● THE DATA:
------------------------------------
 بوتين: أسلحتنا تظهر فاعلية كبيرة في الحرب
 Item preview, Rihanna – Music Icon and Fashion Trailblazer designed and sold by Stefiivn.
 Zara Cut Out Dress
------------------------------------
● EXERCISE: Every line from the one that holds "Item preview, Rihanna" to the end of the data above should be given again exactly, with that line and the last one both kept.

● SOLUTION TO THIS PROBLEM:
 Item preview, Rihanna – Music Icon and Fashion Trailblazer designed and sold by Stefiivn.
 Zara Cut Out Dress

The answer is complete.